Local authorities

The Labour Party supported the March Month of Boycott Action as part of its 1960 Africa Year initiative. The Boycott Movement was initially wary about the boycott being taken over by the Labour Party, but its involvement made a big difference to the scale of the campaign. Twenty-one Labour local councils banned South African goods from their schools and town halls. The Party organised 27 local conferences all over Britain. The boycott was the main theme of a party political broadcast by Labour leader Hugh Gaitskell on 9 March.

Letter from Glyncorrwg Urban District Council stating that it had agreed to impose a boycott of South African goods until the South African Government established a government based on a universal adult franchise. Glyncorrwg was one of 40 Welsh local authorities which imposed a boycott in the mid-1960s, many of them in response to a letter from South Wales Anti-Apartheid Movement Chair, David Shipper, who wrote to every Welsh local council in 1964. Glyncorrwg was a coal-mining centre in the west of the South Wales valleys.

List of British local authorities and co-operative societies which boycotted South African goods in 1966. The list included 13 English and 40 Welsh local councils, as well as Aberdeen City Council in Scotland. The authorities represented nearly six million people.

Anti-apartheid supporters outside the South African Embassy in London holding wreaths in memory of the 69 people shot at Sharpeville, on the fifth anniversary of the massacre in 1965. An ‘in memoriam’ book was signed by 3,500 people in St Martin’s in the Fields and a public meeting was held there to commemorate the anniversary. Students at University College London held a South Africa week and Cambridge City Council voted to ban South African produce from its civic restaurant.
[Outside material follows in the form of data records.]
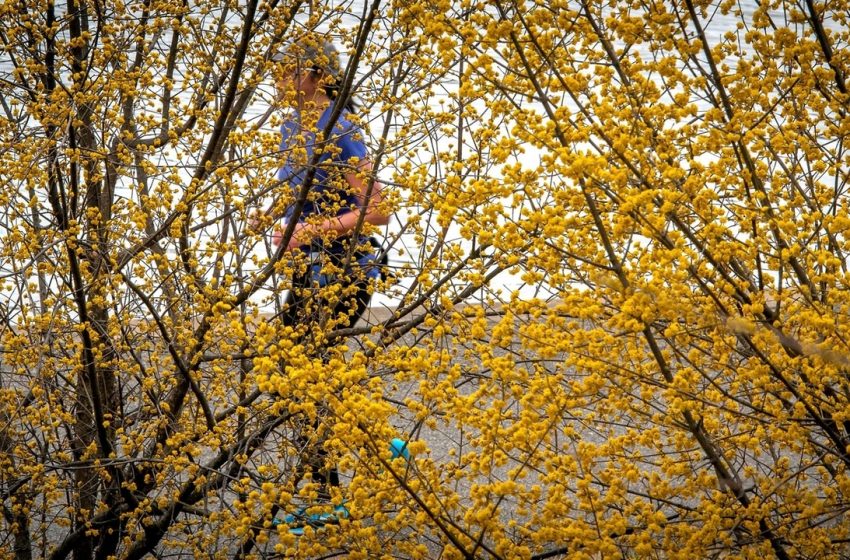  ‘Intense’ allergy season ahead due to Long Island’s wet winter, doctors say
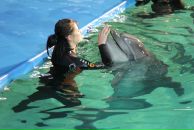 Фотография Павлов Александр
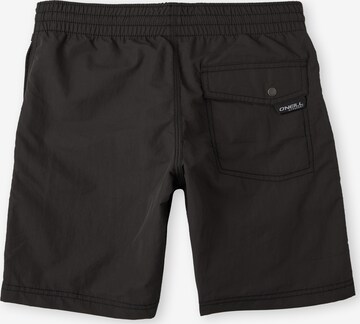 Shorts de bain 'Vert' O'NEILL en noir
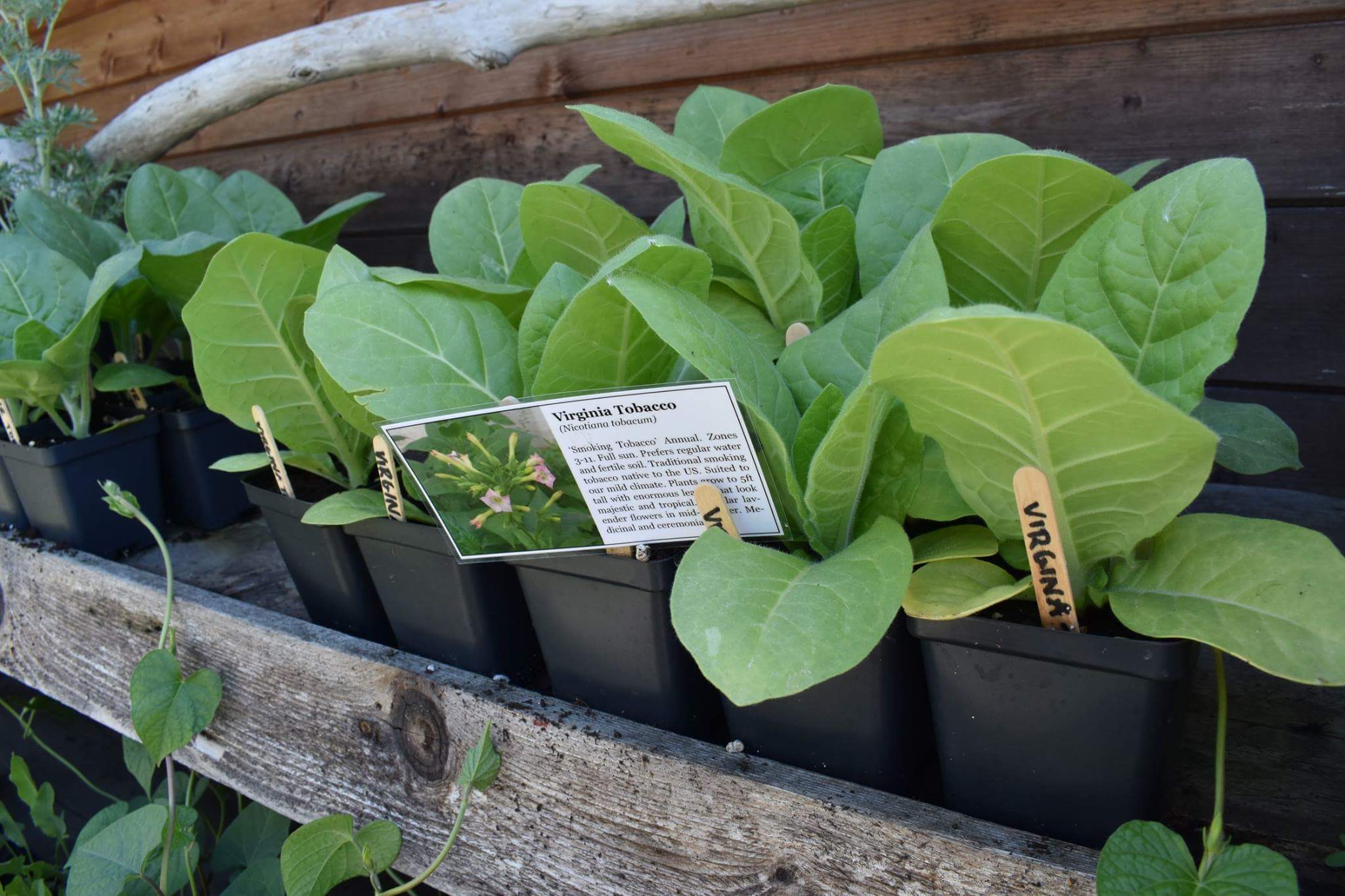 Virginia Tobacco Seeds — Ravensong Seeds & Herbals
Nelson Mandela was given the Freedom of the City of Glasgow on 4 August 1981. Glasgow was the first of many British cities to honour Mandela in this way. The photograph shows ANC representative Ruth Mompati speaking at a meeting in Glasgow City Chambers held after the award ceremony. Also in the picture are Nigerian Vice-President Alex Ekwueme,  the Lord Provost of Glasgow Michael Kelly and the Chair of the Scottish AA Committee, Brian Filling.

Sheffield was the first local authority to pass an anti-apartheid declaration, in October 1981. It pledged to boycott South African goods and ban South African entertainers and sports people from its venues. It also stated it would encourage positive teaching about African liberation struggles in local schools.

In 1981 Sheffield District Council became the first British local authority to announce it would end all links with South Africa. This pamphlet reprinted the keynote speeches at a conference on the role of transnational corporations in South Africa held in Sheffield in 1982.

A north London community bookshop hosted a photo exhibition and collection box for the Solomon Mahlangu Freedom College in the summer of 1982. Left to right: ANC representative Ruth Mompati, Jim Corrigall of Haringey AA Group, local councillor Pat Tonge, Dave Palmer of Reading Matters bookshop and local councillor Ernie Large.